## [WHAT YOU ARE ASKED TO DO]
Skip all pictures; return exactly the lines from the one containing "Canada Baseball Cap,Adjustable" through the end of the data.

[Image-caption web data]

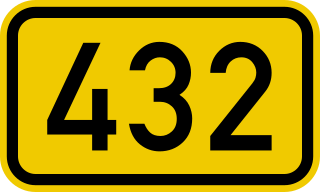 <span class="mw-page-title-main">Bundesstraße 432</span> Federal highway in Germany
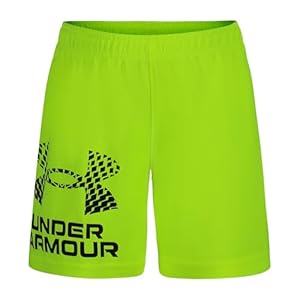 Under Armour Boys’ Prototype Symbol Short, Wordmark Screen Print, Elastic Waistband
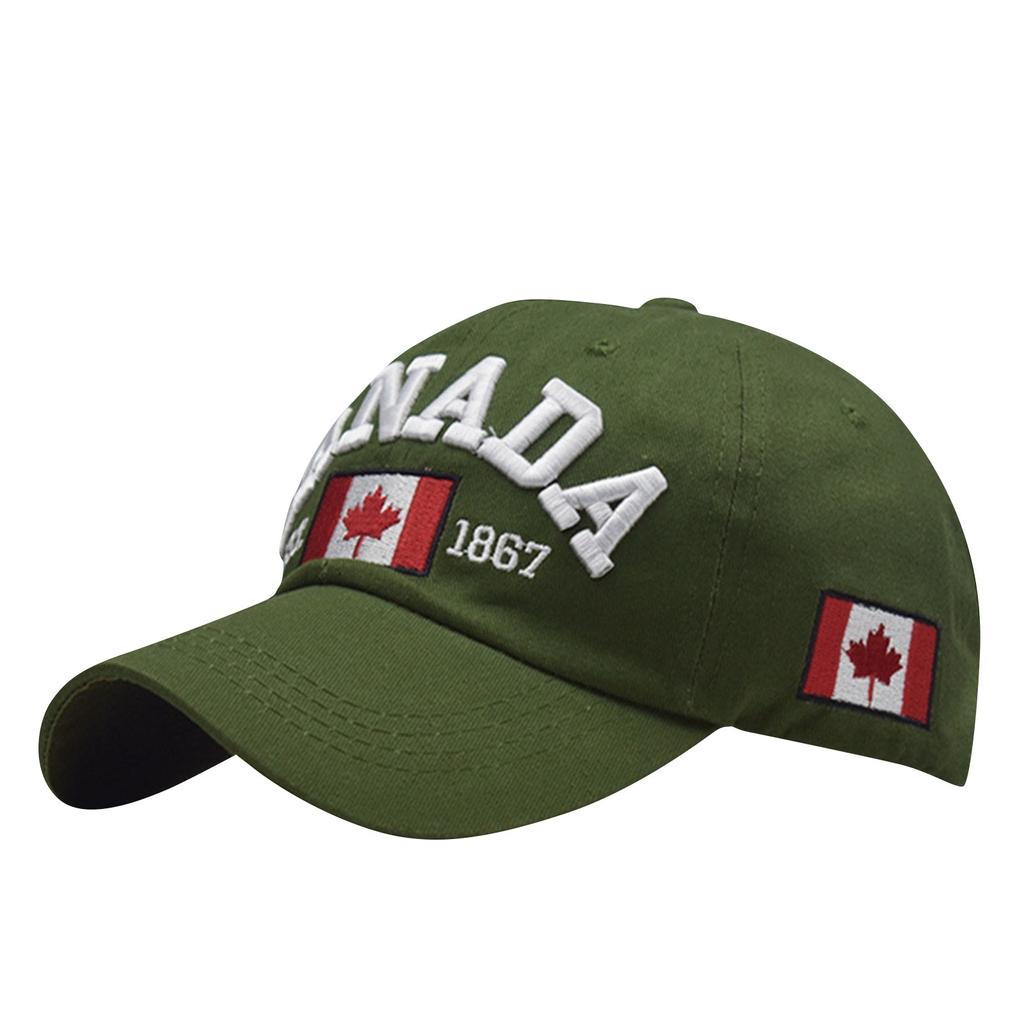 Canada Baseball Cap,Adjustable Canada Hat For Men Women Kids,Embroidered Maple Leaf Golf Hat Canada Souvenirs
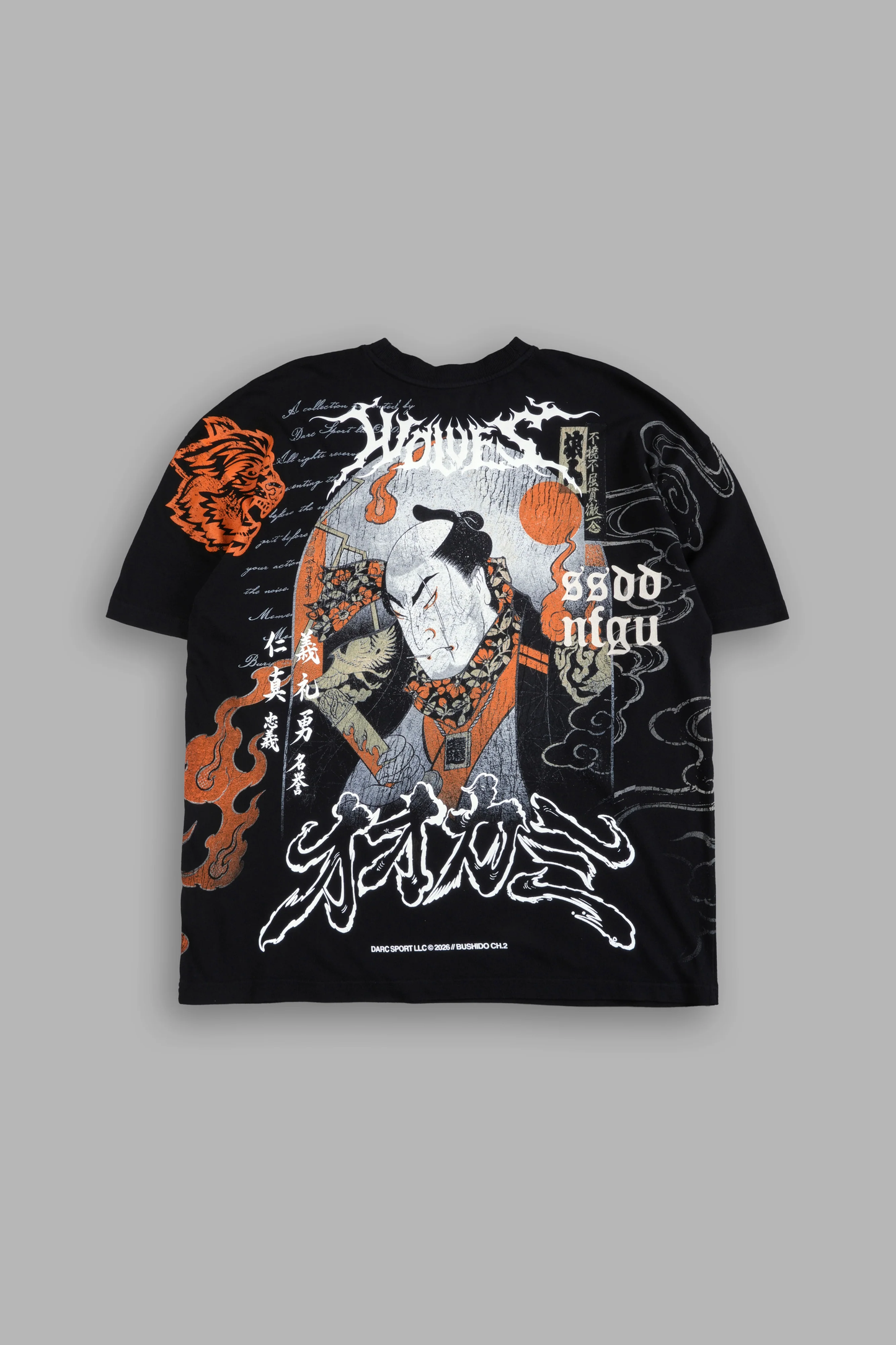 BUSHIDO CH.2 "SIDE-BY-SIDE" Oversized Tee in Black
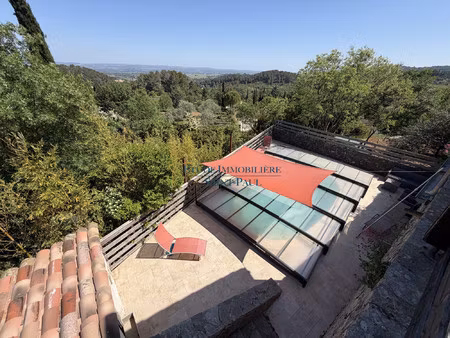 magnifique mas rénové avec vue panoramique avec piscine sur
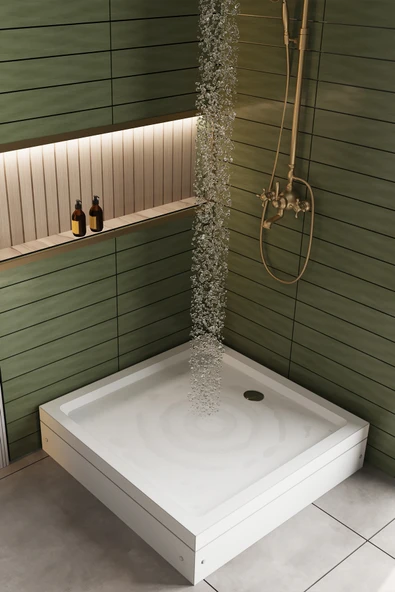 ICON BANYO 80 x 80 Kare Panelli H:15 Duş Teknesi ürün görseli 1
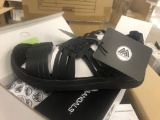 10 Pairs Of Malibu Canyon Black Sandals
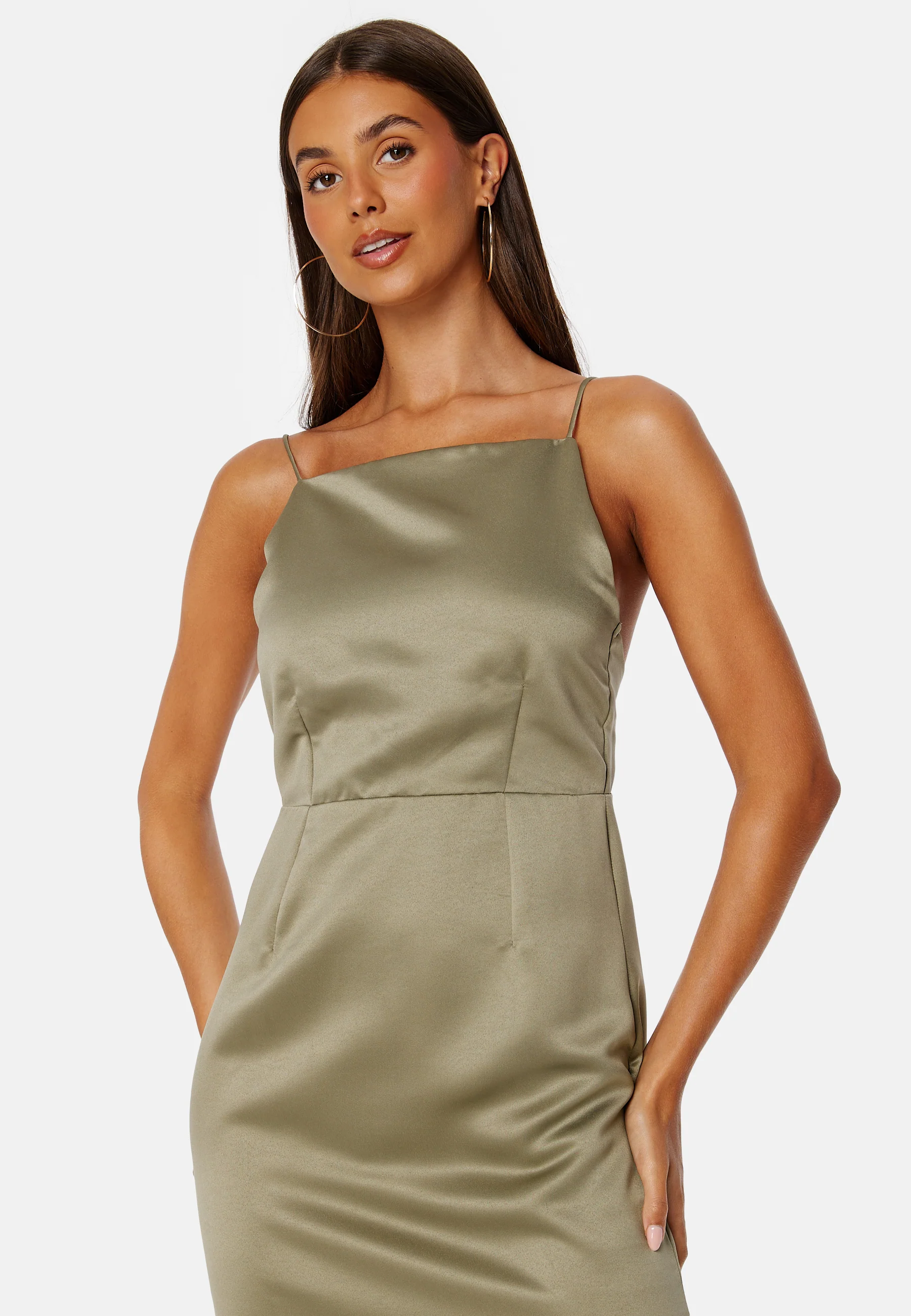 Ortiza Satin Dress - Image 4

## [SOLUTION]
 Canada Baseball Cap,Adjustable Canada Hat For Men Women Kids,Embroidered Maple Leaf Golf Hat Canada Souvenirs
 BUSHIDO CH.2 "SIDE-BY-SIDE" Oversized Tee in Black
 magnifique mas rénové avec vue panoramique avec piscine sur
 ICON BANYO 80 x 80 Kare Panelli H:15 Duş Teknesi ürün görseli 1
 10 Pairs Of Malibu Canyon Black Sandals
 Ortiza Satin Dress - Image 4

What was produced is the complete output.